Conversation tennis A: What did you do yesterday? B: I worked all day. Then I went to the gym. A: Did you? B: What did you do? Set the learners the task of having a conversation in which they try to “bat” the conversational ball back and forth as much as possible without letting it drop. It is a good warm-up exercise at the beginning of every lesson.
Disappearing dialogue The text of the dialogue is written on the board, learners practice reading it aloud in pairs and then the teacher starts removing sections of it. First these could be single words, then the whole lines could be removed. A. What did you do yesterday? B: I worked all day. Then I went to the gym. A: Did you? B: What did you do?
Dialogue building The dialogue is not presented to the learners but elicited from them line by line. 1. Establishing the situation, the context and the purpose (at the hotel) 2. The teacher starts to elicit the conversation. The ideas for the 1 -st, 2 -d and 3 -d line of the conversation. 3. The complete dialogue is built and drilled.
Communicative activities §The motivation of the activity is to achieve some outcome using language §The activity takes place in real time §Achieving the outcome requires the participants to interact – listen and speak §Because of the spontaneous interaction the outcome is not predictable §There is no restriction to the language used
1. Jigsaw activities 2. Surveys (more elaborate versions of milling activities) 3. Blocking games – bringing in the element of unpredictability into a standard conversation 4. Guessing games 5. “The Onion” - the chairs are arranged in circles – the inner circle is facing the outer circle, the students of the outer circle move round one chair so that they have a new partner 6. Reconstructing a story behind a headline. 7. 4 -3 -2 activity: the students are allowed less time with each attempt to do a task (to retell a story) 8. Role-plays 9. Dramatising activities 10. Discussions and debates
Story-telling activities Guess the lie: Learners tell each other three short personal anecdotes, two of which are true in every particular, and the third of which is totally untrue (but plausible).
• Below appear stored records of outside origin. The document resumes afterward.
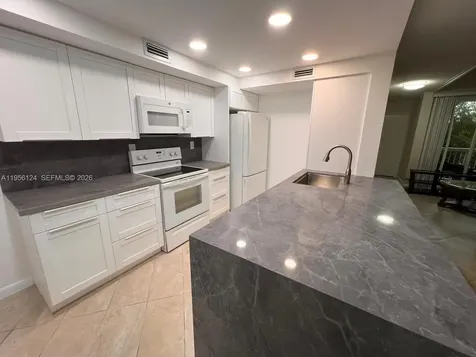 4878 NW 97th Place Doral FL 33178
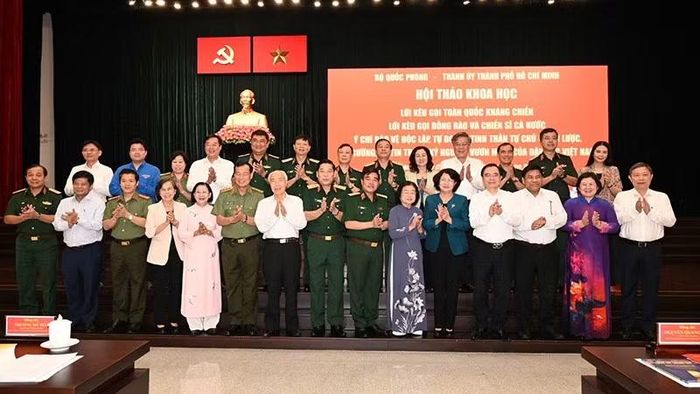 Các đại biểu chụp hình lưu niệm tại Hội thảo. (Ảnh: Quốc Thanh)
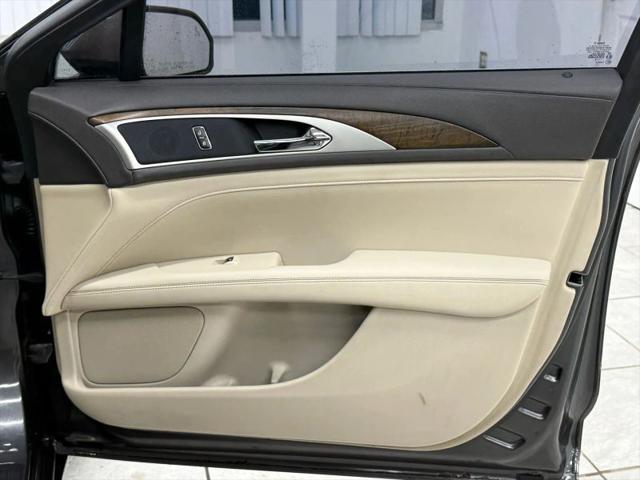 2017 Lincoln MKZ Select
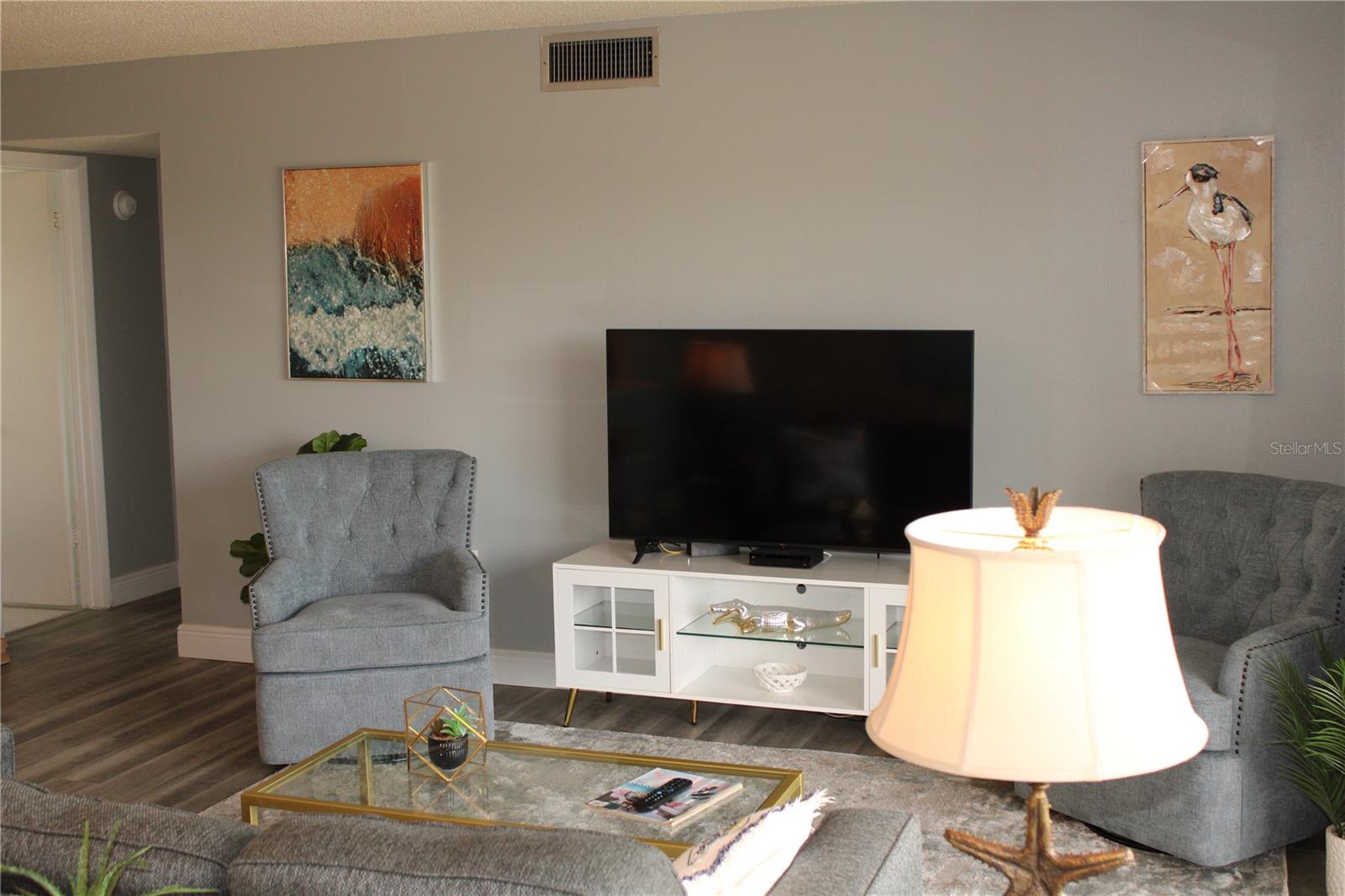 Image 12 of 61 For 4240 Ironwood Circle 404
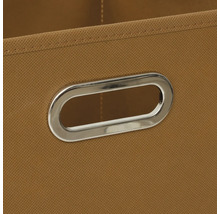 Gros plan sur une boîte de rangement avec poignée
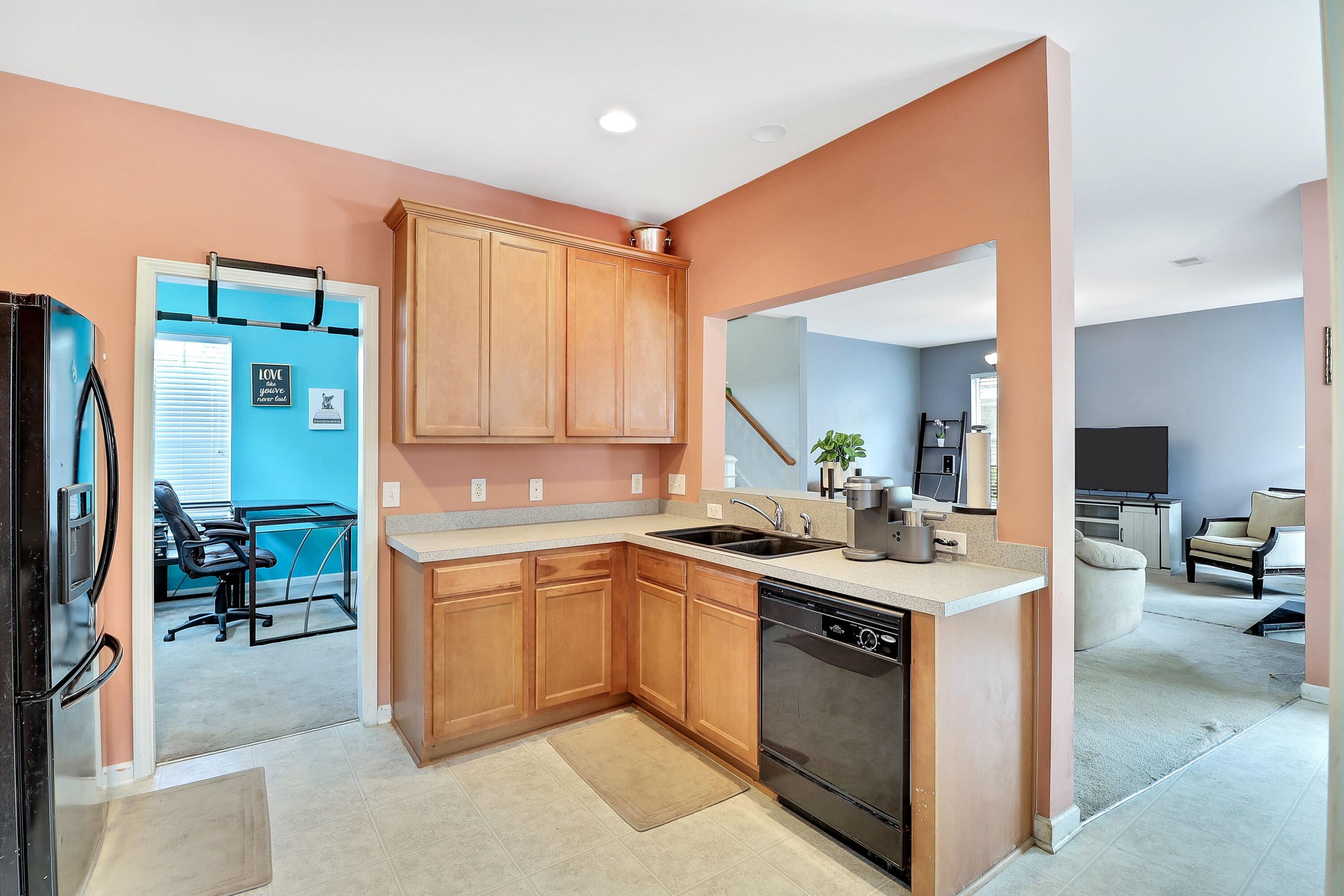 128 Old Jackson Road Goose Creek, SC 29445 - Photo 12 of 32 Kitchen3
The listeners have to guess the lie – and give reasons for their guesses. They can be allowed to ask a limited number of questions after the story. Chain story: in groups the learners take turns to tell a story, each one taking over from, and building on, the contribution of their classmates, at a given signal from a teacher.
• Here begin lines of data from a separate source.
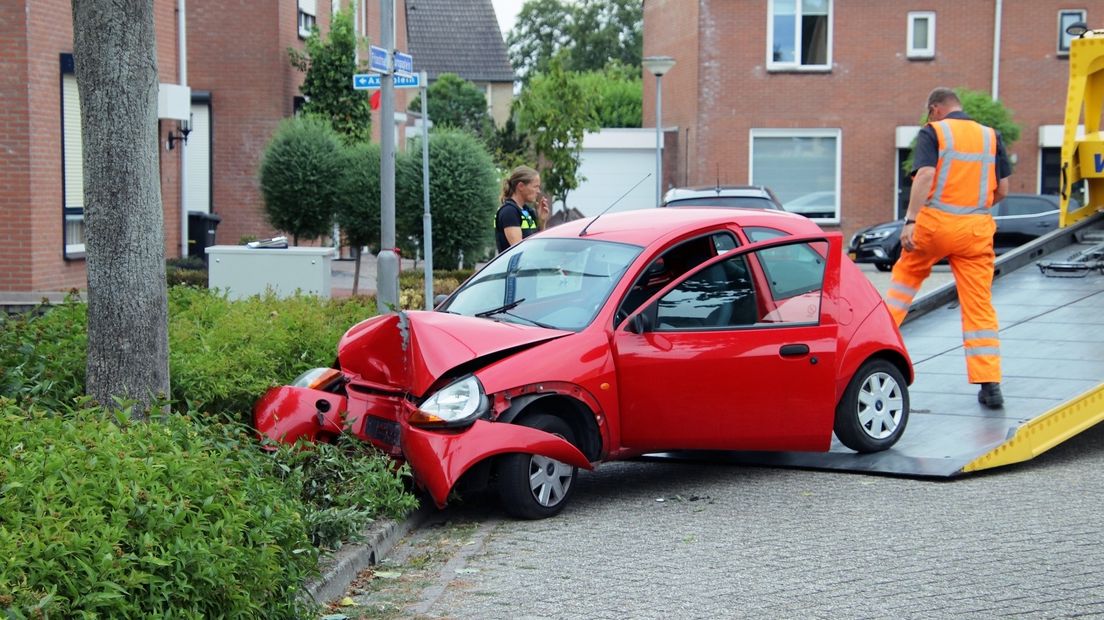 Dronken automobiliste knalt tegen boom in Hulst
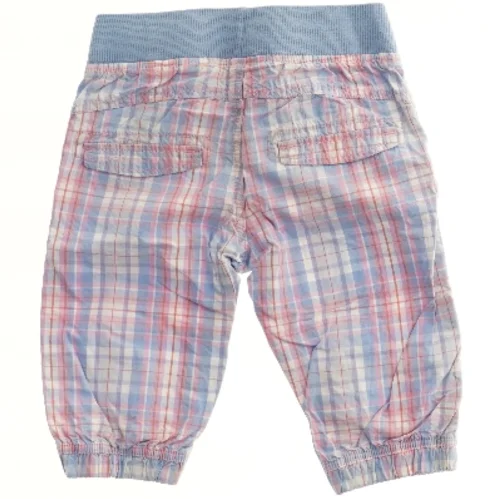 Ternede bukser i 3/4 længde fra H&M (str. 92)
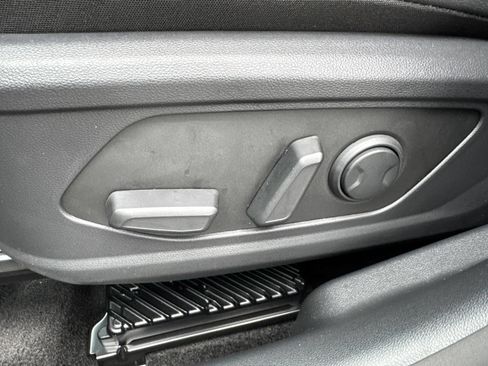 Certified 2026 Hyundai Tucson Limited AWD/4WD image 19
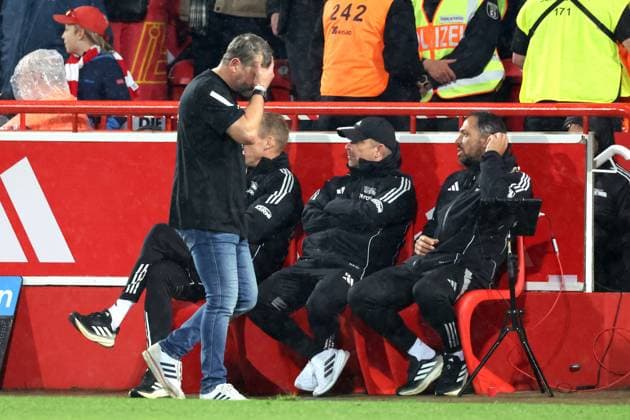 DEU, DFL, 1 FBL, 1 FC Union vs SC Freiburg, 01 11 2025, Stadion Alte Foersterei, Berlin, DEU, DFL, 1 FBL, 1 FC Union vs SC Freiburg, im Bild Cheftrainer Head Coach Steffen Baumgart 1 FC Union Berlin , Unioner Trainerbank DFL regulations prohibit any use of Photographs as image sequences and or quasi video nordphotoxGmbHx xEngler nph00076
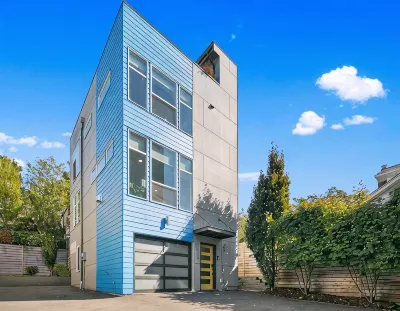 Charming house with 3 bedrooms and 3.5 bathrooms in the heart of Seattle. Hotels in Rainier Valley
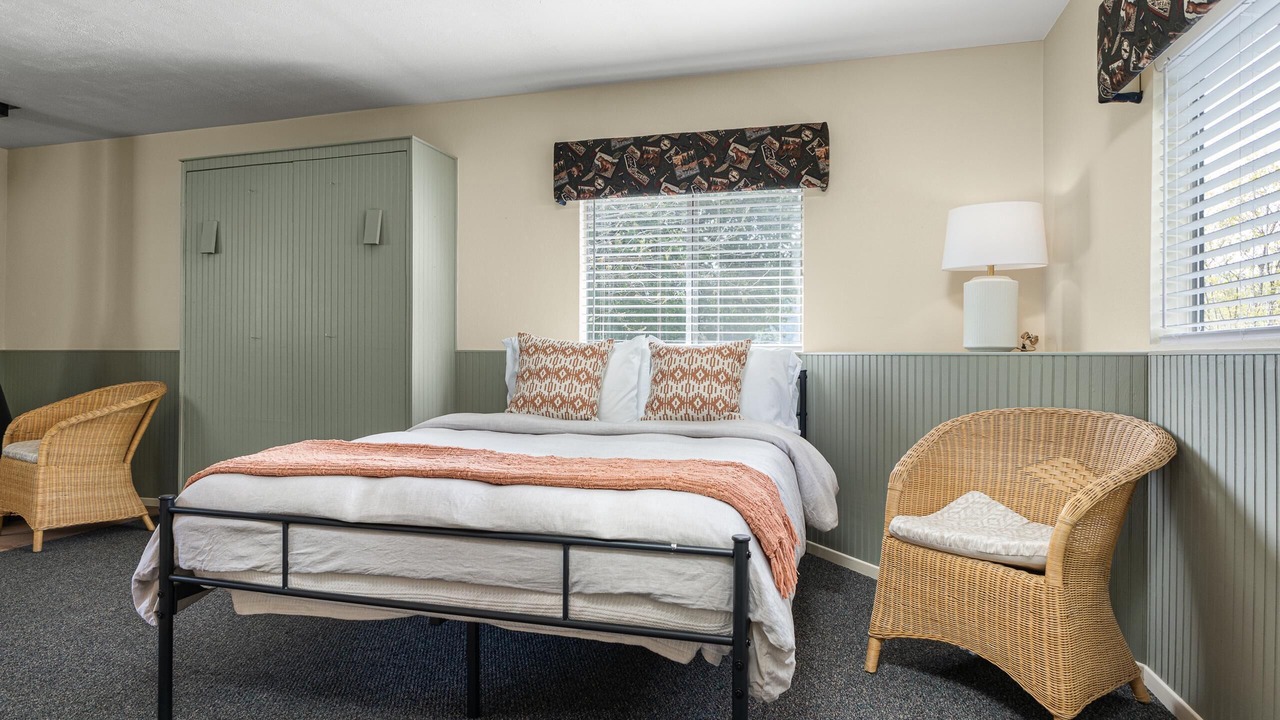 Photo of Bedroom in Three Rivers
Discussion cards: the teacher prepares in advance sets of cards (one for each group) on which are written statements related to a pre -selected topic. In groups one student takes the first card, reads it aloud and they then discuss it for as long as they need, before taking the next card. If a particular statement doesn’t interest them they can move on to the next one. The teacher should decide at which point to end the activity.
Guessing games In the games such as “What’s my line? ”one learner thinks of a job and the others have to ask yes/no questions to guess what it is. It provides ideal conditions fro automating knowledge (Do you work indoors or outdoors? Do you work with your hands? Do you wear a uniform? ). The game takes place in real time, so there is an element of spontaneity and the focus is on the outcome (not the language being used to get there). Other games: What sort of animal am I? Who am I? (One player thinks of a famous person, alive or dead) The basic format of this game can be applied to almost any topic.
The onion. If the number of students in the class is not more than about twelve, they can be divided into two equal groups. As many chairs as there are students are arranged in the centre of the classroom in two circles, the outer circle facing the inner circle. The students sit opposite one another and perform their speaking task e. g. telling their partner about the current worry and getting advice. The students in the outer circle then move round one chair so that they have a new partner, and the activity is repeated.
4 -3 -2 – in this pairwork format, the objective is to retell a story or monologue within a time limit that decreases at each retelling, thereby encouraging greater automaticity. Students are paired and take it in turns to do a monologic speaking task, e. g. recounting a story or explaining the process, based on picture prompts, or summarising the text they have just read. For the first telling the speaker is allowed four minutes, the second time they have to achieve the same degree of detail only in three minutes etc.
Presentations and talks Show-and- tell. Asking students to talk and answer questions about an object or image of special significance to them. The talk need to be more than 2 or 3 minutes and should be unscripted. The use of notes could be allowed. Did you read about…? It can be done in small groups rather than the whole class. The stimulus is “something I read in the paper or heard on the news’ rather than an object. The most interesting story in each group can then be told to the class as a whole.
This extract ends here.